LOVE YOUR ENEMIES
(A biblical reflection on the 7th Sunday in Ordinary Time [Year C], 20 February 2022)
Gospel Reading: Luke 6:27-38
First Reading: 1Samuel 26:2,7-9,12-13,22-23; Psalms: Psalm 103:1-4,8-10,12-13; Second Reading: 1Corinthians 15:45-49
The Scripture Text
“But I say to you that hear, Love your enemies, do good to those who hate you, bless those who curse you, pray for those who abuse you. To him who strikes you on the cheek, offer the other also; and from him who takes away take your cloak do not withhold your coat as well. Give to every one who begs from you; and of him who takes away your goods do not ask them again. And as you wish that men would do to you, do so to them.
“If you love those who love you, what credit is that to you? For even sinners love those who love them. And if you do good to those who do good to you, what credit is that to you? For even sinners do the same. And if you lend to those from whom you hope to receive, what credit is that to you? For even sinners lend to sinners, to receive as much again. But love your enemies, and do good, and lend, expecting nothing in return; and your reward will be great, and you will sons of the Most High; for He is kind to the ungrateful and the selfish. Be merciful, even as your Father is merciful.
“Judge not, and you will not be judged; condemn not, and you will not be condemned; forgive, and you will be forgiven; give, and it will be given to you; good measure, pressed down, shaken together, running over, will be put into your lap. For the measure you give will be the measure you get back. (Luke 6:27-38 RSV)
“Love your enemies. Do good to those who hate you.” (Luke 6:27)
To a person who is struggling through a bad day or who is in the midst of a trying relationship, these words of Jesus can be hard-hitting. “What am I supposed to do? Let people walk all over me? Is this what Jesus really wants?” We can understand this passage best in light of today’s other New Testament reading, “As the man of dust, so are those who are of the dust; and as is the man of heaven, so are those who are of heaven” (1Corinthians 15:48). The strength to bear insults and scorn with patience can only come from above.
Instead of laying a heavy weight on His hearers, Jesus was teaching them about the nature of God – which He had come to impart to all of us. When we receive Jesus into our hearts, we are given something new: the transforming power of His life. This new life in us raises us up to become spiritual women and men. It’s the mercy of God at work in us, not our own power, that allows us to love our enemies. His Spirit will give us compassion for them and a desire for their good and not their harm.
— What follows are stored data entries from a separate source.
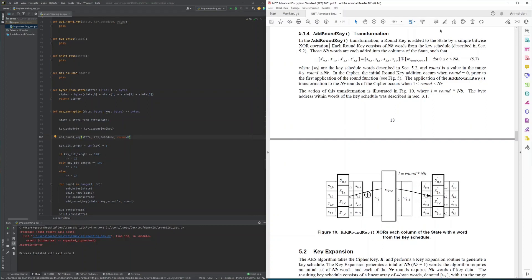The adding of the round key to the internal state is described in chapter 5.1.4 of the specification, which outlines that the adding of the round key to the internal state is simply a bitwise XOR of the internal state with the four words of the round key.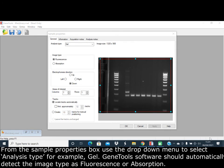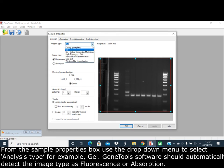In the sample properties box, use the drop-down menu to select the analysis type, for example, Gel.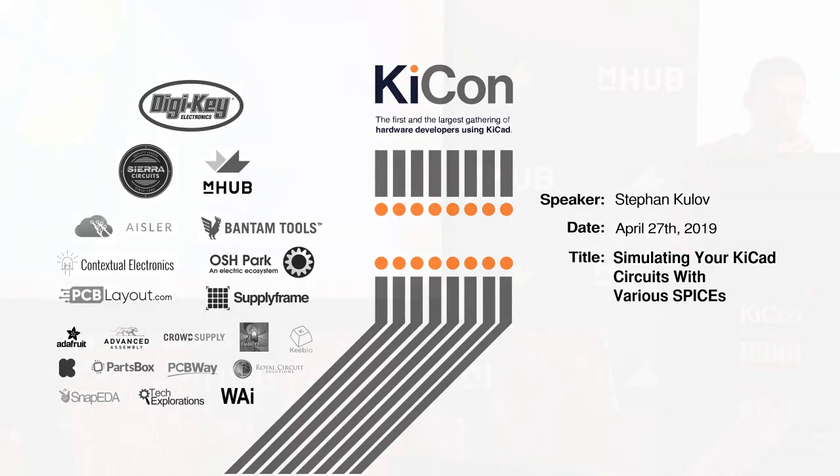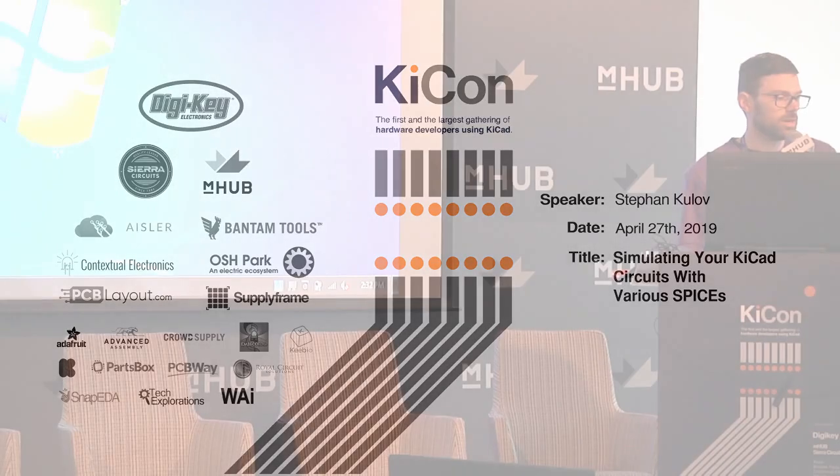Next up we have Steve Kulov giving a talk called Simulating Your KiCad Circuits with Various Spices. Steve is an electrical engineer and business owner. In 2014, he co-founded HD RetroVision, a company which designs and manufactures audio video equipment for retro video games and other retro technologies. His main area of expertise is in analog circuits as well as all kinds of video signals including both analog and digital with FPGAs. He is well versed in the SPICE circuit simulation and will be presenting a talk regarding its use with KiCad. Let's welcome him to the stage.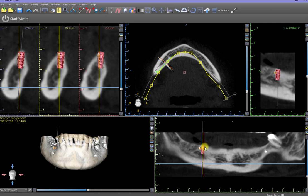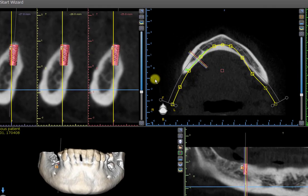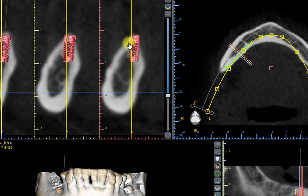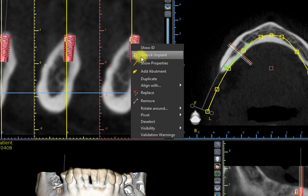If the issue was not being able to move implants, there are several solutions. The implant may be locked. Look at the implant to see if there is a lock icon on it. If so, right click on the implant and from the menu, left click on Unlock Implant.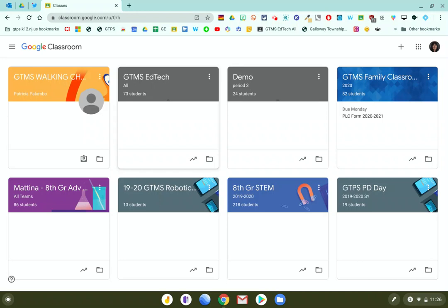First you need to log into your Google for Education account and go to classroom.google.com and your class card page will show.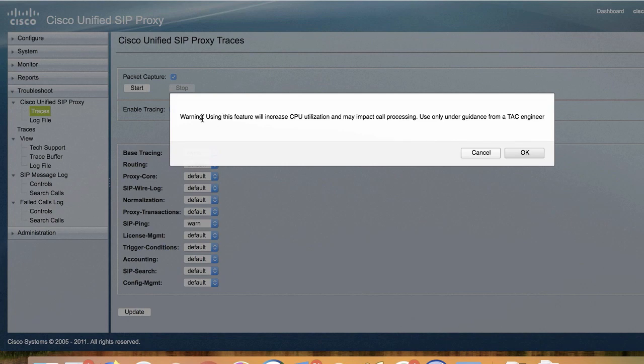Upon starting the capture, you will see this warning message. Don't be alarmed by this, as it's just a precaution that creating a packet capture will affect the CPU performance.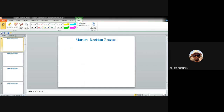Welcome to this lecture on Markov Decision Process. This is the last lecture of this training course on AI and ML. In Day 3 we discussed the different searching processes associated with AI - the uninformed searching like breadth-first search, depth-first search, uniform cost search, and for informed search we talked about greedy best-first search and the A* algorithm.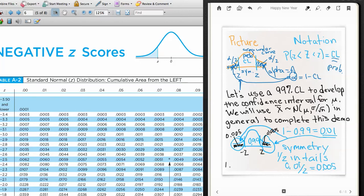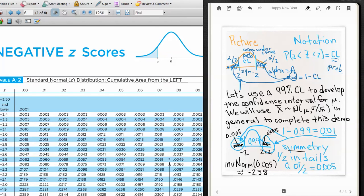We find these z-values using the inverse normal distribution or the z-table: the inverse normal of 0.005 gives negative 2.58. On the z-table, halfway between the relevant entries, we find 0.005 area, which rounds to z = 2.58. So negative 2.58 is on the left and positive 2.58 is on the right, placing the 99% confidence level in the middle of the distribution.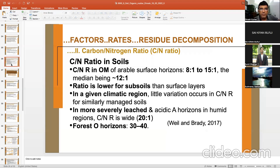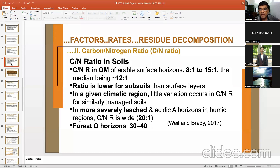The average C:N ratio of arable surface soils is 8:1 to 15:1, with a median of about 12:1. The ratio is lower for subsoils. In acidic, leached horizons in humid regions the ratio is about 12:1. In forest O horizons it is very wide — 30 to 40:1. These are typical C:N ratios under different conditions.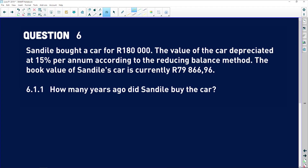Question six is when we start looking at financial math. 6.1 says Sandile bought a car for 180,000 rand. The value of the car depreciated at 15% per annum according to the reducing balance method. The book value of Sandile's car is currently 79,866 rand and 96 cents.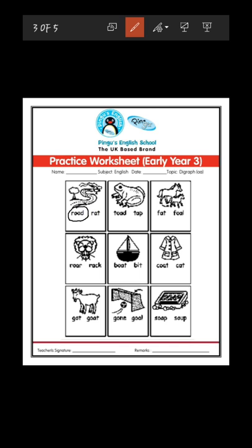Next is the picture of a toad. What is the toad? Toad is the name of the frog baby, right. Look at the spelling: T-O-A-D, toad, is the correct answer, or T-A-P, tap? T-O-A-D, toad, is the correct spelling.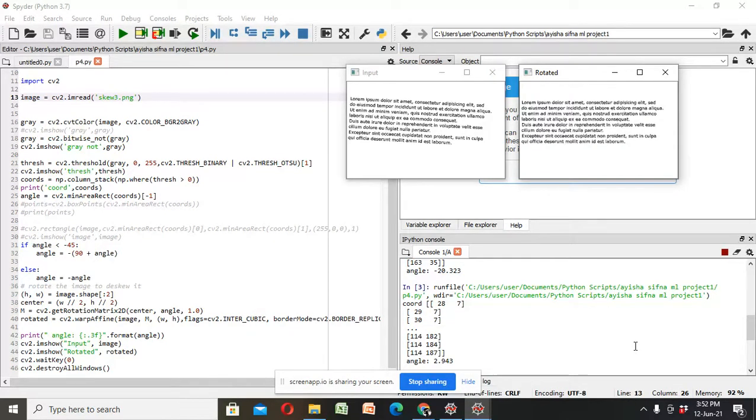Hi friends, welcome back to my channel. In this video I discuss how to de-skew an image.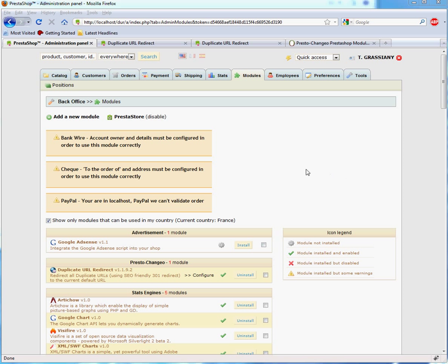This video will show you how to configure the Duplicate URL Redirect module from prestochango.com. We're assuming that you have turned on the friendly URLs and generated the .htaccess file.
Jesus illustrated this teaching with His whole life. He didn’t feel particularly warm toward those who persecuted and eventually crucified Him, but His concern for them – His love for them – prompted Him to ask His Father not to hold their faults and blindness against them. This is a far cry from a desire for vengeance and retaliation which can seem so natural to us.
As we learn to submit ourselves to the Spirit, our way of thinking will be transformed. We will move from bondage to resentment, hatred, and fear into the freedom of conscience that is the mark of every spiritual woman and man. Of course, we will come up against resistance from our old nature. But that only means we’re on the right track. Let us continue to ask the Holy Spirit to work in us so that we can become powerful witnesses to the world around us.
Prayer: Holy Spirit, I trust You to release me from unforgiveness and hatred and bitterness. Continue to conform me to Jesus so that I might become a light for Him to the world. Amen.